= WHAT IS NEEDED =
Take the records below from their first line to the line with "A white bed", and restate those lines word for word.

= DATASET RECORDS =

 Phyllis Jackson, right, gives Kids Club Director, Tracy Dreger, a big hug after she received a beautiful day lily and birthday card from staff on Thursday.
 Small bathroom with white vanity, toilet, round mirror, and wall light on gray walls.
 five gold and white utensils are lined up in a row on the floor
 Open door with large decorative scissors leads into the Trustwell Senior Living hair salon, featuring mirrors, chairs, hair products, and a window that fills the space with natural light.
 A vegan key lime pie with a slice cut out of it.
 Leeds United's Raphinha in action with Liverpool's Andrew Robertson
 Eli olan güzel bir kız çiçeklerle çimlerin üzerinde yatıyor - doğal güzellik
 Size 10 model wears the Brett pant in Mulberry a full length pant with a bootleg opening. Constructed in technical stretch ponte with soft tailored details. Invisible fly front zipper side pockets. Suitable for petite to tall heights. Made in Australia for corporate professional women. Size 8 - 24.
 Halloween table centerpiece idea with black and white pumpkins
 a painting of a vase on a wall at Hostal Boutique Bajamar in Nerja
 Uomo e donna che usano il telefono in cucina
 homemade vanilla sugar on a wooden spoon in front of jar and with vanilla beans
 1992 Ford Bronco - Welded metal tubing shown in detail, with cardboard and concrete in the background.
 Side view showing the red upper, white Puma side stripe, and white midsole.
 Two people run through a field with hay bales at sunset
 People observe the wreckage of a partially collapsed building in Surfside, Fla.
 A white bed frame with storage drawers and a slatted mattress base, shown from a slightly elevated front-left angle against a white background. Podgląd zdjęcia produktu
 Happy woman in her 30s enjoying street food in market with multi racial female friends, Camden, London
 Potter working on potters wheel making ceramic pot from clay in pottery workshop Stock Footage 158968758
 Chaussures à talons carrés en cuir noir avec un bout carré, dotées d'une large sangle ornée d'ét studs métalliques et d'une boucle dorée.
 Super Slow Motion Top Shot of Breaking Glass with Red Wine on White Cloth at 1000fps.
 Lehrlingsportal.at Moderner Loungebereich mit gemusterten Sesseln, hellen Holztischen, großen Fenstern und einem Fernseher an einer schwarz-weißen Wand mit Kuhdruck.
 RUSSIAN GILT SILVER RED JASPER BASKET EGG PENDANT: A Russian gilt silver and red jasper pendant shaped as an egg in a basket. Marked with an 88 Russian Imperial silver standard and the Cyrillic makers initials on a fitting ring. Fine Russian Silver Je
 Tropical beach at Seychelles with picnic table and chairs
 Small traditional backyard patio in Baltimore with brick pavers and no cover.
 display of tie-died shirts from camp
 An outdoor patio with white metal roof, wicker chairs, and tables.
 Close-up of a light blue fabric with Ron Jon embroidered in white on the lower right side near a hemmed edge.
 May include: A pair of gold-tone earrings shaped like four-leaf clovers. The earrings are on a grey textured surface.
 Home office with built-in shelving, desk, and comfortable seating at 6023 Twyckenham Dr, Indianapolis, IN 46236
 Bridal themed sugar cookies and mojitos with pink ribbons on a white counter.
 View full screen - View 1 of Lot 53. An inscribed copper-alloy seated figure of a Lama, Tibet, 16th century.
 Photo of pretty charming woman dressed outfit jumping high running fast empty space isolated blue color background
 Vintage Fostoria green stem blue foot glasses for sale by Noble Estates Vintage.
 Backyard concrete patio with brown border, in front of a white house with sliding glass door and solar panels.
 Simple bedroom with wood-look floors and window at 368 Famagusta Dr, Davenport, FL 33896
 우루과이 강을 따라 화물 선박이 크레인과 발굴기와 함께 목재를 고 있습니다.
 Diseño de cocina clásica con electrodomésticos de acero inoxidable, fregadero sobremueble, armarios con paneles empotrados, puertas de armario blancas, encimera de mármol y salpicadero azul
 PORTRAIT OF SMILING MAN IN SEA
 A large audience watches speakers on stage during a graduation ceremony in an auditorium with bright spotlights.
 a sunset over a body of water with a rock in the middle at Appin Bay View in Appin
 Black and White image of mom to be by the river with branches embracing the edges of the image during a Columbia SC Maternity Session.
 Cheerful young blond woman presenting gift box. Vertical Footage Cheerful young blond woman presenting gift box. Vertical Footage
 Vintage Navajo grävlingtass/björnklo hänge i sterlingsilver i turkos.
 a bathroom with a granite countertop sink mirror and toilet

= TASK SOLUTION =
 Phyllis Jackson, right, gives Kids Club Director, Tracy Dreger, a big hug after she received a beautiful day lily and birthday card from staff on Thursday.
 Small bathroom with white vanity, toilet, round mirror, and wall light on gray walls.
 five gold and white utensils are lined up in a row on the floor
 Open door with large decorative scissors leads into the Trustwell Senior Living hair salon, featuring mirrors, chairs, hair products, and a window that fills the space with natural light.
 A vegan key lime pie with a slice cut out of it.
 Leeds United's Raphinha in action with Liverpool's Andrew Robertson
 Eli olan güzel bir kız çiçeklerle çimlerin üzerinde yatıyor - doğal güzellik
 Size 10 model wears the Brett pant in Mulberry a full length pant with a bootleg opening. Constructed in technical stretch ponte with soft tailored details. Invisible fly front zipper side pockets. Suitable for petite to tall heights. Made in Australia for corporate professional women. Size 8 - 24.
 Halloween table centerpiece idea with black and white pumpkins
 a painting of a vase on a wall at Hostal Boutique Bajamar in Nerja
 Uomo e donna che usano il telefono in cucina
 homemade vanilla sugar on a wooden spoon in front of jar and with vanilla beans
 1992 Ford Bronco - Welded metal tubing shown in detail, with cardboard and concrete in the background.
 Side view showing the red upper, white Puma side stripe, and white midsole.
 Two people run through a field with hay bales at sunset
 People observe the wreckage of a partially collapsed building in Surfside, Fla.
 A white bed frame with storage drawers and a slatted mattress base, shown from a slightly elevated front-left angle against a white background. Podgląd zdjęcia produktu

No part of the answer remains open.